La Justicia da 10 días a la Generalidad para que vacune «sin excusa» a la Policía y a la Guardia Civil

Un juez del Tribunal Superior de Justicia de Cataluña ha ordenado al Departamento de Salud de la Generalidad que “sin excusa alguna, garantice de inmediato y sin dilaciones la vacunación contra el coronavirus de los miembros de las Fuerzas y Cuerpos de Seguridad del Estado que prestan servicio en Cataluña”.

La justicia ha dado un plazo de 10 días, en los que la vacunación a policías y guardia civiles debe alcanzar la misma proporción que la de Mossos d’Esquadra.

Aún es más, el juez ha exigido que dos días después del límite de 10 días, deberán hacerle llegar un informe con los resultados de la campaña de vacunación.

Bochornosamente tan solo el 7% de la Policía y la Guardia Civil está vacunada, frente al 77% de Mossos d’Esquadra.

Entre los argumentos esgrimidos por el TSJ para dictar esta sentencia, se encuentra el hecho de que se produciría un «peligro de mora procesal, en la medida en que el bien a proteger (la salud y la vida de los agentes concernidos) puede verse perjudicado de forma irreparable o difícilmente reparable de no accederse a la medida cautelar».

La Generalidad, lejos de reconocer sus actos discriminatorios, presentó siete argumentos contra la denuncia de las asociaciones profesionales. Un informe es utilizado como referencia para respaldar su insistencia de que no ha habido discriminación alguna.

Pero la supuesta prueba aportada por la Generalidad para probar la falta de discriminación, sólo ha servido para lo contrario. Entre sus páginas explica que el 24 de marzo el 77% de los Mossos, el 68,9% de los policías locales de Cataluña y el 77,9ç5 de la Guardia Urbana, la policía municipal de Barcelona, estaban vacunados. Sin embargo en la misma fecha sólo habían sido vacunados el 3,6% de los policías nacionales y el 2,8% de los guardias civiles.

Tras semejante prueba en contra, el magistrado sentenció con firmeza:

«No son necesarias demasiadas pruebas para entender que la demora en la vacunación de los funcionarios de los Cuerpos y Fuerzas de Seguridad que están en activo puede situar a tales funcionarios en una situación de riesgo para su salud (incluso de riesgo grave o irreparable) superior a otros grupos de población».
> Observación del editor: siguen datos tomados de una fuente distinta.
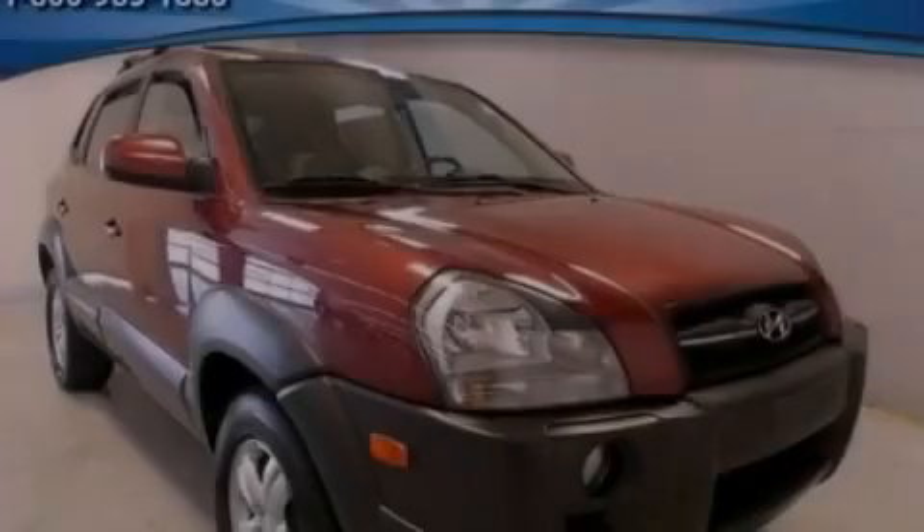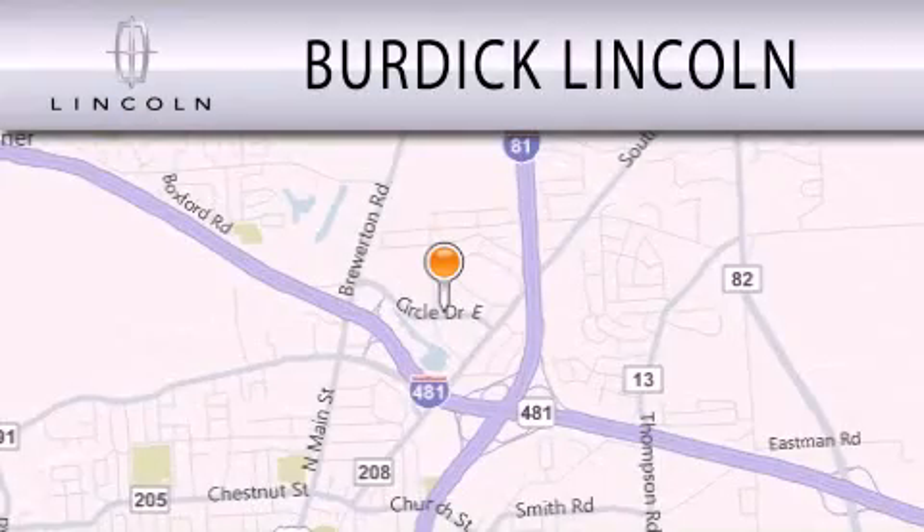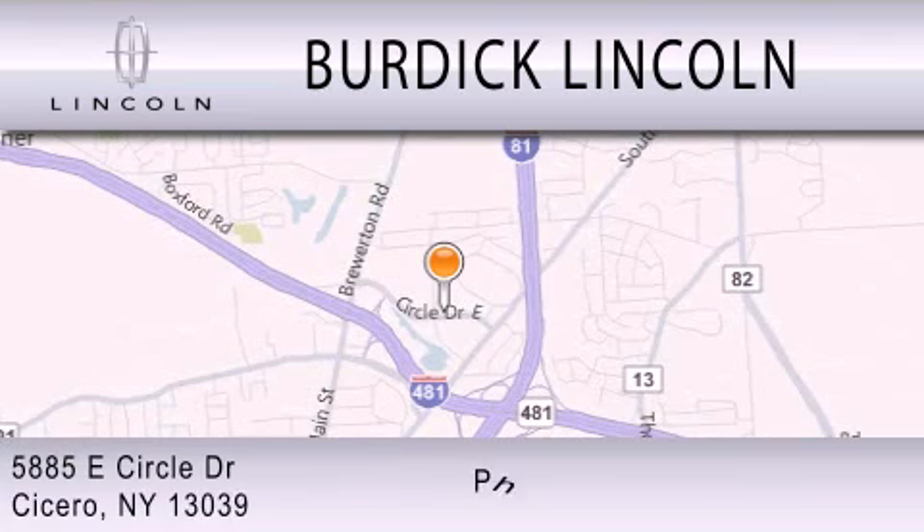Stop by today and test drive this automobile for yourself. Burdick Lincoln is dedicated to doing everything possible to ensure that the experience you have selecting your next vehicle is as pleasant as possible. We are located at 5885 East Circle Drive in Cicero.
El juez enumera los motivos legales para llevar a cabo la medida cautelar, los argumentos que desmontan la defensa de la Generalidad y además añade:

«En todo caso, no parece razonable que, a estas alturas, habiéndose vacunado el grueso de los cuerpos policiales catalanes, se siga relegando a los miembros del Cuerpo Nacional de Policía y de la Guardia Civil con destino en Cataluña».

Tras meses esperando en balde que el Ministerio de Interior, el Defensor del Pueblo o el Gobierno de España resolvieran la situación, el juez lo ha solucionado en apenas dos semanas.

Hace ya una semana que la ministra de Sanidad, Carolina Darias, anunció que el gobierno español sería quién vacunara a policías y guardia civiles: «Una comunidad autónoma no ha tenido la respuesta establecida en la estrategia de vacunación acordada por todos los que formamos el Consejo Interterritorial del Sistema Nacional de Salud. Me refiero a los miembros de las FCSE en Cataluña, que no han sido vacunados en los términos que sí lo han sido en otras comunidades autónomas. Por eso el gobierno de España ha tomado la decisión de vacunar nosotros a los miembros de las FCSE en Cataluña».

Una semana después, sin que el gobierno de Pedro Sánchez tomara acción alguna, ha sido la resolución del juez la que va a obligar a la Generalidad a vacunar a las Fuerzas y Cuerpos de Seguridad del Estado.